In agreement with our study, Lan et al. [24] found that glomerular and tubular MIF expression gave a highly significant correlation with the loss of renal function and suggested that MIF causes renal injury in human glomerulonephritis by inducing macrophage and T cell accumulation and the subsequent activation of these cells leading to immune cell mediated tissue damage.

In contrary to our results, Foote et al. [6] found an inverse relationship between serum creatinine and MIF and suggested that the kidney may be a significant source of MIF in humans.

Statistical analysis in our results indicated a positive significant correlation between serum MIF and MIF gene expression with both SLEDAI score and ESR in all lupus patients suggesting that MIF is associated with disease severity in SLE.

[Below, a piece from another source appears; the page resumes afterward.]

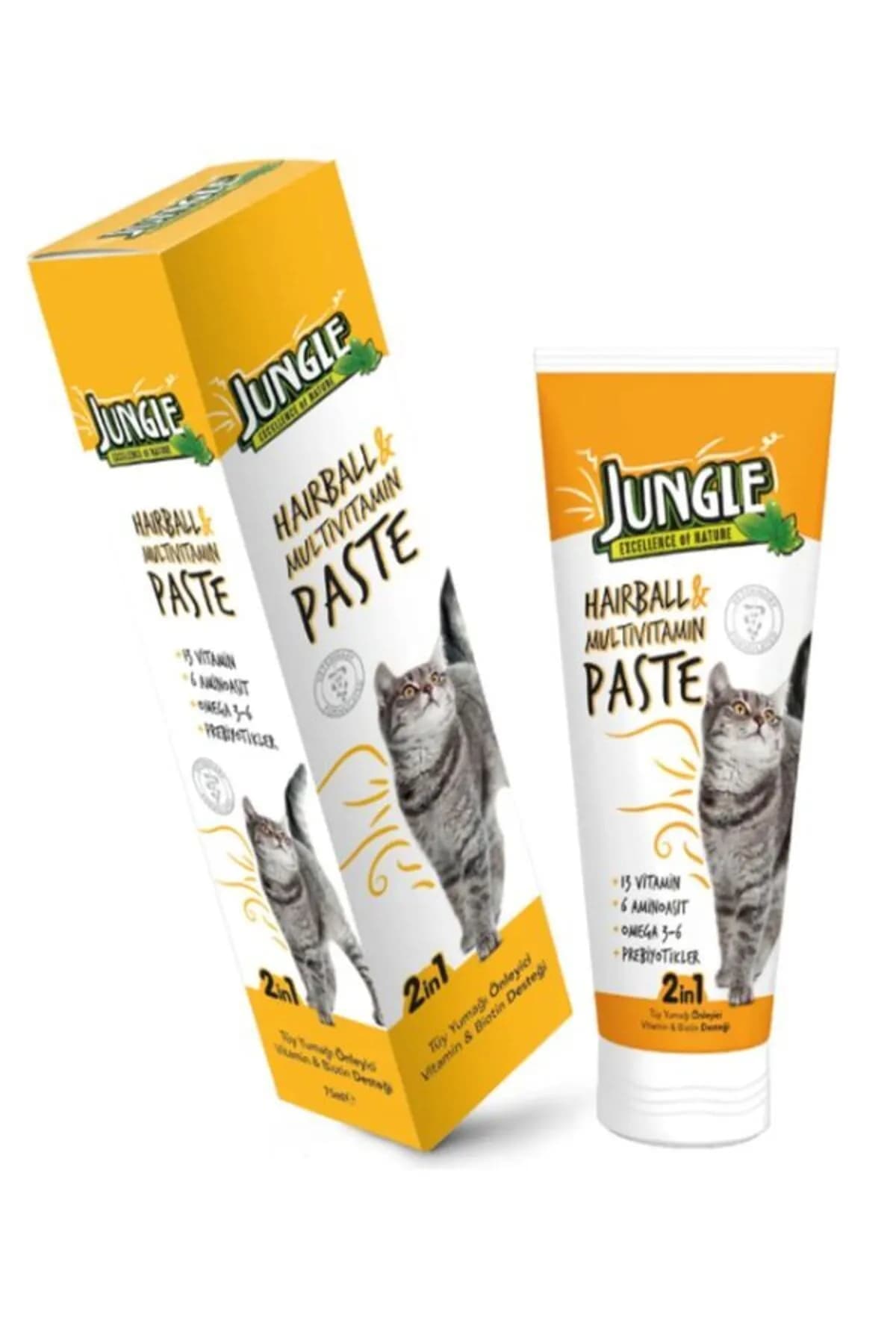 Jungle Kedi Macunu ( Tüy Yumağı Önleyici ve Multivitamin )75 ml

On the other hand, Foote et al. [6] failed to find a relationship between concurrent serum MIF and disease activity score and explained his finding by the fact that his study group included a mostly abundant community based population with very low disease activity scores which limited the potential of finding this association.

In our study, there was a significant positive correlation between serum MIF and MIF gene expression with 24 hours urinary protein excretion in all lupus patients. This finding can be simply explained by the fact that proteinuria is a picture of lupus nephritis in which MIF expression is expected to increase secondary to organ damage and tissue cellular infiltration.

In agreement with our study, Matsumoto and Kanmatsuse [27] found positive correlation between urinary protein excretion and urinary MIF. They suggested that such correlation could be due to the lower molecular weight of MIF as compared to albumin and hence its ability to pass through pores in glomerular basement membrane.

Finally, our results showed a positive significant correlation between serum MIF and MIF gene expression with the duration of illness in all lupus patients. Such finding could be due to the role of MIF in lupus disease and its correlation to multiple organ damage in lupus which is expected to be aggravated by time and disease duration.

MIF both in the serum and MIF gene expression by reverse PCR in macrophages were significantly higher in all lupus patients in comparison to healthy controls being significantly higher in those lupus patients with clinically evident nephritis than those without. Also MIF had a significant positive correlation to SLEDAI score and ESR indicating its correlation with disease activity.